Re: store salt in database
- From: Jan Kesten <jan.kesten@xxxxxxxx>
- Date: Thu, 13 Jul 2006 12:42:22 +0200
amygdala schrieb:
But what then is the surplus value of the salt if it is stored in the record
of the user? To my understanding the salt is used to make it difficult to
apply 'brute force' to decypher passwords, if the database is compromised by
a hacker, right? But if a hacker knows the salt, cause it is stored in the
same record next to the hashed salt+password, applying 'brute force' to it
would just as 'easy' again, wouldn't it?
Yea and No :-)
Think about this, you have a database of one million users and you do
not use salts at all. I bet there will be a lot of users who a) use a
guessable password and b) many who use the same password.
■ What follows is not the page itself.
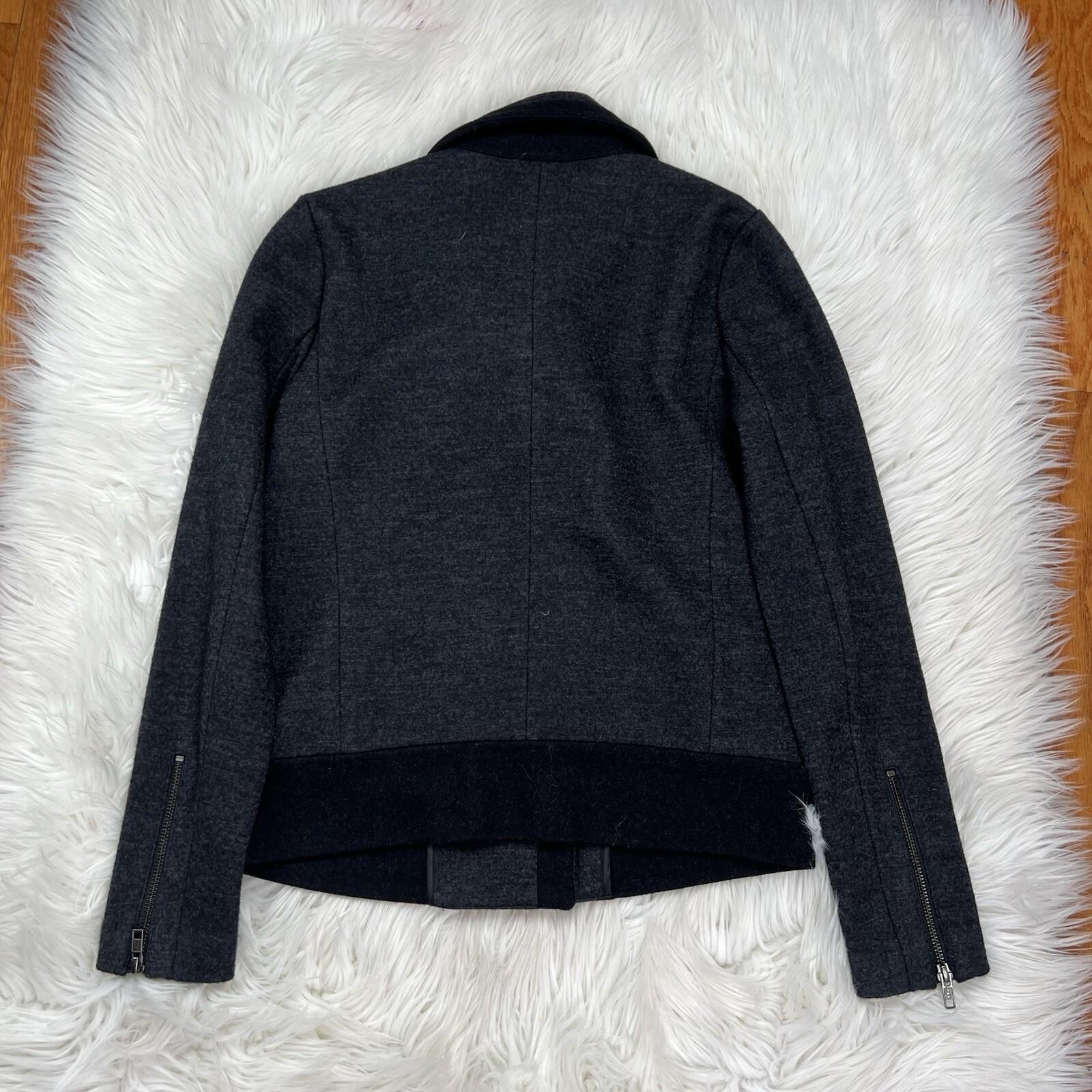 J Crew Wool Blend Jacket Size 00 Charcoal Gray Motorcycle Full Zip Long Sleeve
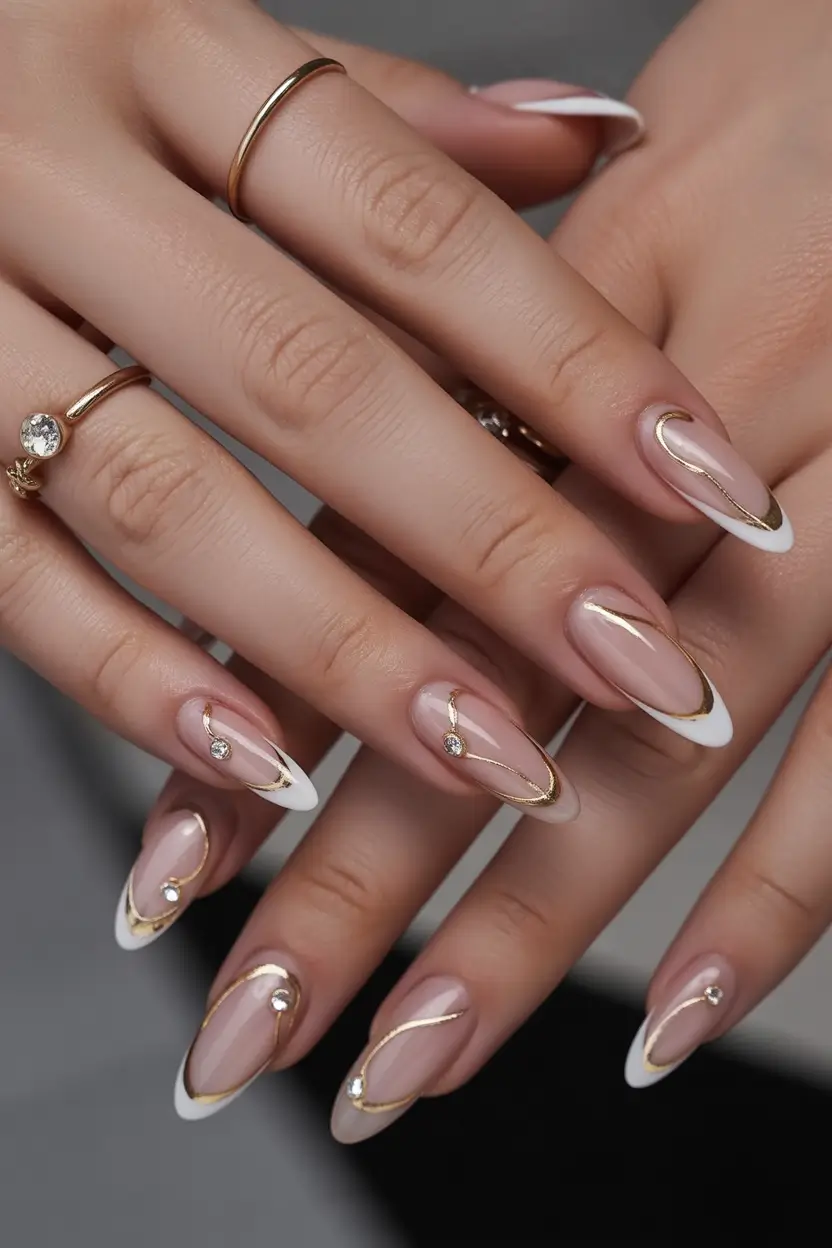 winter nails ideas Golden French Glow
With unsalted password hashes, a hacker could take a dictionary, compute
all hashes over it and store it in a database. Then he can reverse
lookup the hashed he has stolen to get the password. Even worse, he can
check if there are duplicates in the stolen hashes and he will know that
all of these users use the same password. To compute a dictionary of say
one million entries is easily possible.
Now to salts - before hashing the password you add a random salt of some
bytes (lets say just 4) to the password and store them along with your
hash. If a hacker now wants to do a lookup like above, he has much more
work to do. He knows the salt and needs to guess the password - he can
use his dictionary and compute a hash for every entry and the salt. He
needs exactly the same amount of time and space like above to crack a
single entry. But -
- he can't precompute his dictionary for every salt - 4 Bytes are 32
Bit, there are 2^32 possible salts - 4 billion times more space and
compute power is needed to create and store such a database
For exampke take my one million passwords all 20 characters long and a
128bit hash - both need 52 Bytes together, a total of about 50 MByte
is needed for a lookup table without salt.
With 32 bit salt, he needs to compute such a table for every possibile
salt, 2^32 * 52 * 10^6 = 2 * 10^17 Bytes (one PetaByte is 10^15
Bytes).
- if he can't see before computation who uses the same password, except
if two users have the same password and salt
So, cracking a single password is as easy as without a salt - but salts
make precomputed (and faster) attacks much more compilcated.
Cheers,
Jan
.
- References:
- store salt in database
- From: amygdala
- Re: store salt in database
- From: Paul Rubin
- Re: store salt in database
- From: amygdala
- store salt in database
- Prev by Date: Re: Oh this is good...
- Next by Date: Re: Which is more secure RC2 or RC4 ?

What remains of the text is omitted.